Одним из важнейших последствий возрождения земледелия было перемещение его центров из внутренних районов страны в приморские. Естественная зона земледелия – это полоса, простирающаяся с севера на юг, вдоль океана. Здесь ему было положено начало, и только здесь оно существовало в течение двух первых веков колонизации. Для производства тропических культур, в первую очередь сахарного тростника, нельзя было найти ничего лучше этой приморской, влажной и вместе с тем жаркой равнины, плодородные почвы которой служили дополнением к благоприятным климатическим условиям. Еще одно обстоятельство делало эту зону особенно ценной. Поскольку вся колония работала на экспорт, было выгодно развертывать ее экономическую деятельность в непосредственной близости от портов, где продукция погружалась на суда и отправлялась в Европу. В невыгодных условиях в этом отношении находились капитанства, расположенные в глубине континента. Национальное хозяйство, по преимуществу экспортного характера, каким было бразильское, должно сосредоточиваться в местах, наиболее удобных для осуществления этого экспорта. Все же если бы колонизаторы в своей деятельности ограничивались только развертыванием сельского хозяйства, рассчитанного на экспорт, то они никогда не проникли бы вглубь континента. Португальцы так и продолжали бы, как они делали до XVII в., «обгладывать берега», по выражению летописца тогдашней эпохи. Только добыча ископаемых и скотоводство сделали возможным проникновение колонизации вглубь страны. Добыча ископаемых привлекала колонизаторов высокой ценностью золота и алмазов, даже в небольших количествах являвшихся огромным богатством и не представлявших никаких трудностей в отношении транспорта. Притягательная же сила скотоводства заключалась в том, что, как обычно выразился один наблюдатель XVIII в., «скот не нуждается в средствах передвижения и во время длинных переходов сам несет на себе тяжесть своего тела…». Поэтому в центральных капитанствах, где добыча металлов пришла в упадок и где нужно было переключаться на сельское хозяйство, охотнее всего занялись скотоводством. Так случилось в Минас-Жераисе. Но и земледелие, и скотоводство всегда оставались слабо развитыми во внутренних районах. Крупные сельскохозяйственные предприятия, работающие на экспорт и имеющие перед собой широкие перспективы, встречались внутри страны только в виде исключения.

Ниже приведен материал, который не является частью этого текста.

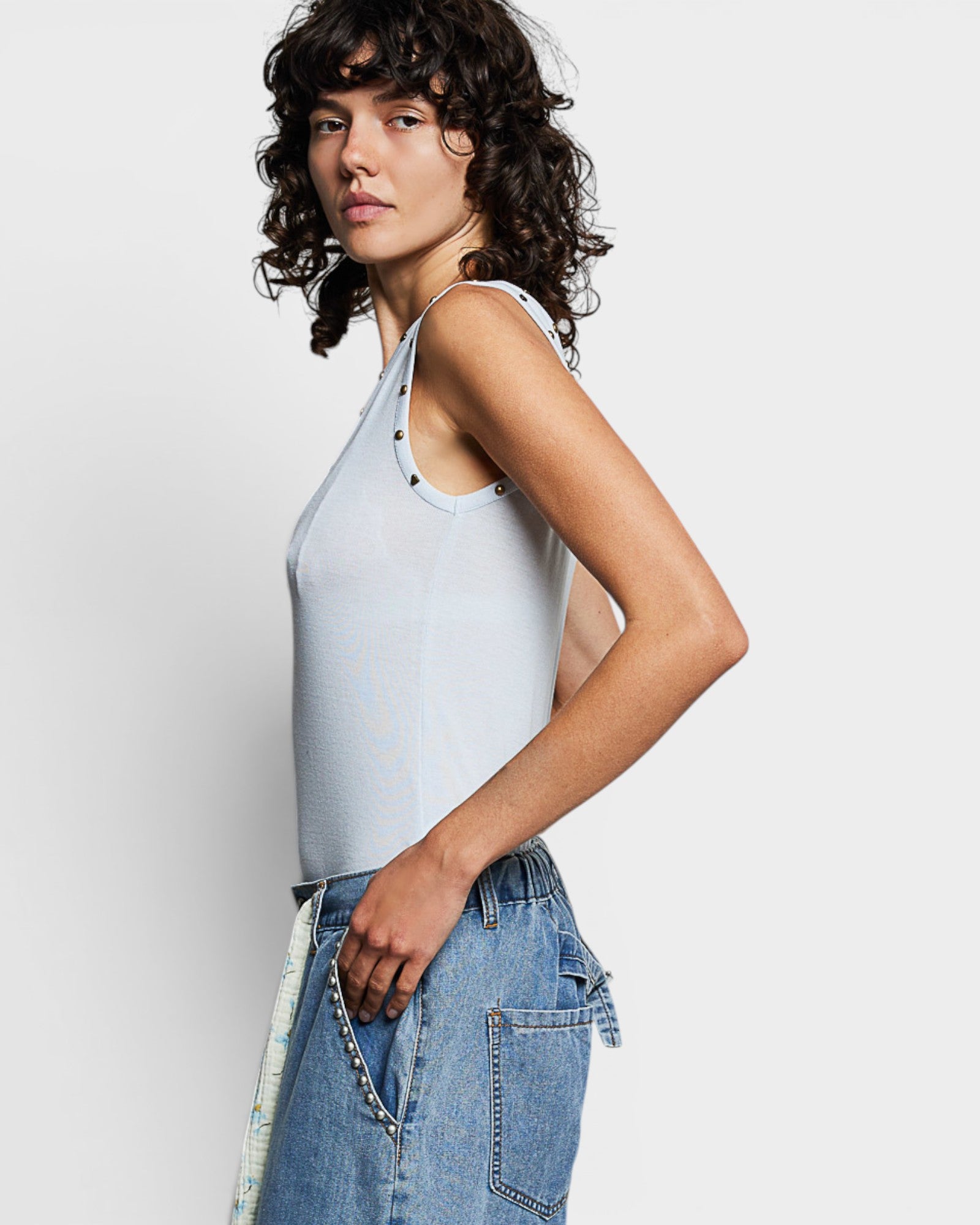 Woman wearing a light blue tank top and denim jeans against a plain background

Таким исключением было до известной степи хлопковое хозяйство в первые годы его существования, когда хлопок приносил большие барыши вследствие высоких цен на него на мировом рынке. Благодаря обилию во внутренних районах рабочей силы, оставшейся без применения в связи с упадком металлодобычи, хлопок смог привиться в самых на первый взгляд не подходящих для него местах. Но этот успех носил временный характер и длился недолго, Внутренние районы и в области производства хлопка никогда не могли соперничать с территориями, расположенными вблизи от морского побережья.
Развитие земледелия в рассматриваемый нами период, хотя оно и было весьма значительным, носило экстенсивный характер. Отсюда его непрочность и, за немногими исключениями, кратковременность. В начале XIX в., а если не считать небольших изменений, то и позднее, земледелие оставалось на том же уровне технического развития, как и в первый период колонизации. Сохранение такого положения не замедлило оказать свое разрушительное действие.

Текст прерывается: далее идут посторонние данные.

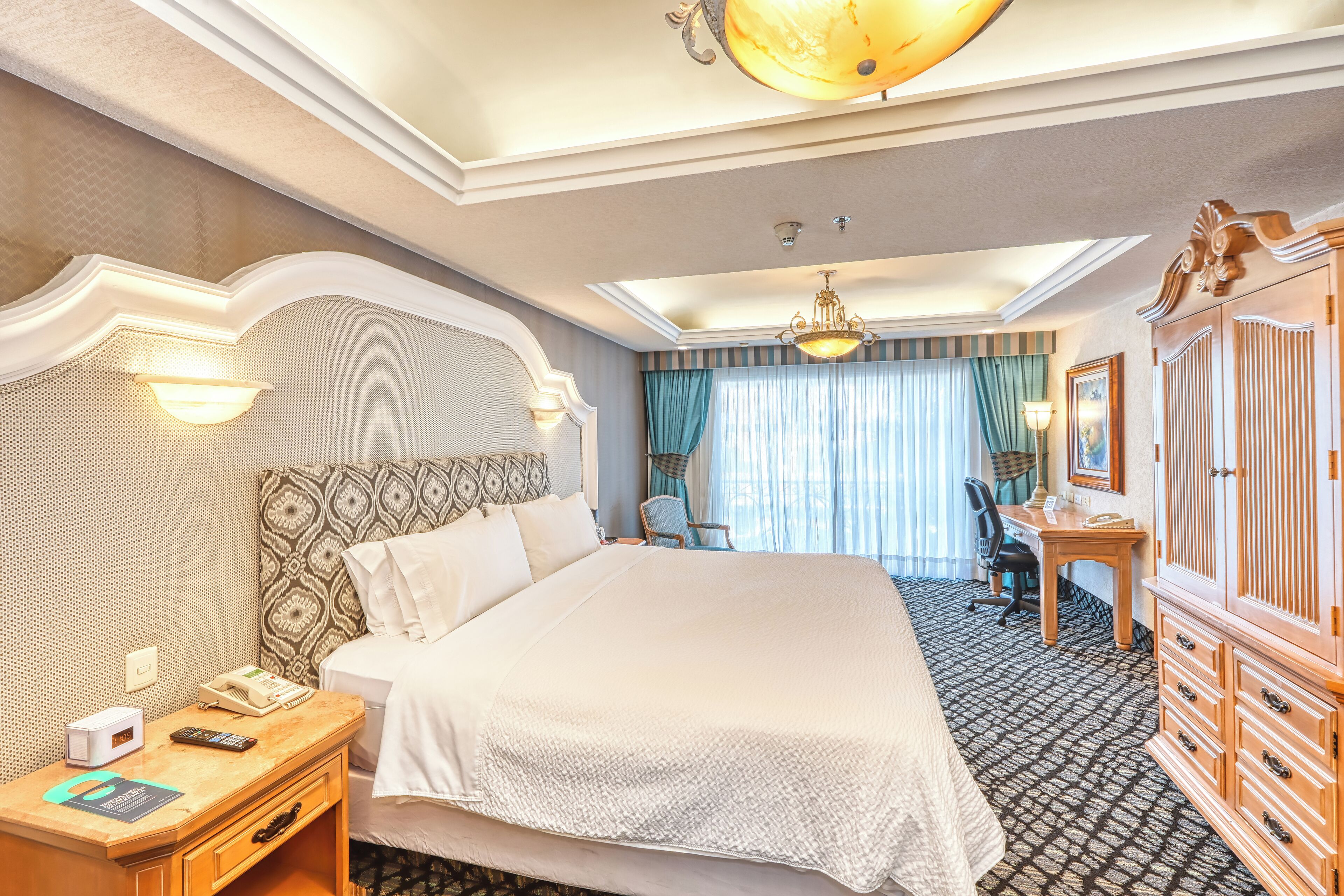 Premium Room, 1 King Bed | Premium bedding, minibar, in-room safe, individually decorated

Так, для введения новых культур не нашли ничего лучшего, как использовать старый примитивный прием «выжигания». Лес, некогда густо покрывавший колонизированные районы, быстро исчезал, становясь жертвой пожаров. В северо-восточной части побережья от густого непрерывного леса, простиравшегося от Параибы до Алагоас, сохранились лишь жалкие остатки, сконцентрированные в двух крайних точках этого отрезка территории. Попытки предотвратить окончательное истребление лесов производились в последние годы XVIII в., но отнюдь не в интересах национального хозяйства и будущего развития страны, а лишь в целях обеспечения строительным материалом королевских верфей. Однако меры, предпринятые для защиты лесов, не оказались эффективными. Истребление леса продолжалось.

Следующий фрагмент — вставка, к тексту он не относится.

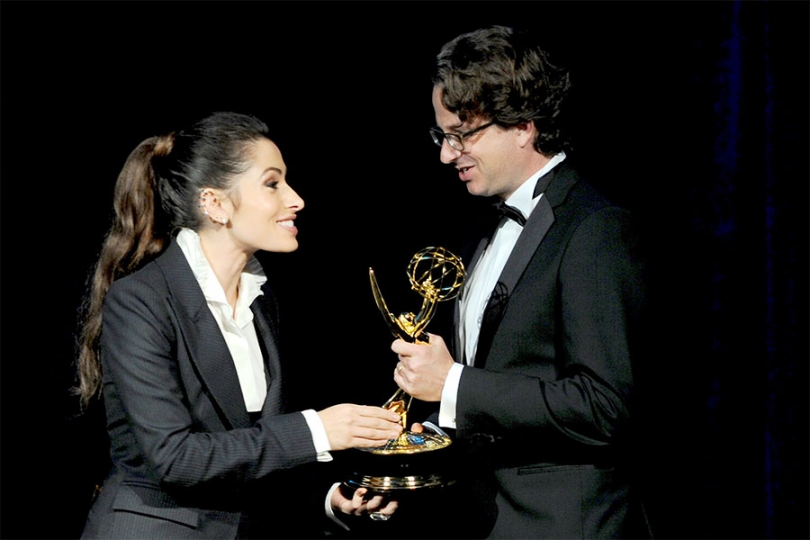 Host Sarah Shahi presents an Emmy to Daniel Sennheiser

Полному уничтожению леса в северо-восточной части побережья способствовало бесконтрольное и варварское использование его на топливо. Особенно повинны были в этом сахарные энженьо, пожиравшие древесину в огромных количествах. Никому не приходила в голову мысль использовать в качестве топлива тростниковую барду (шелуху), что было обычным явлением в английских, французских и голландских колониях.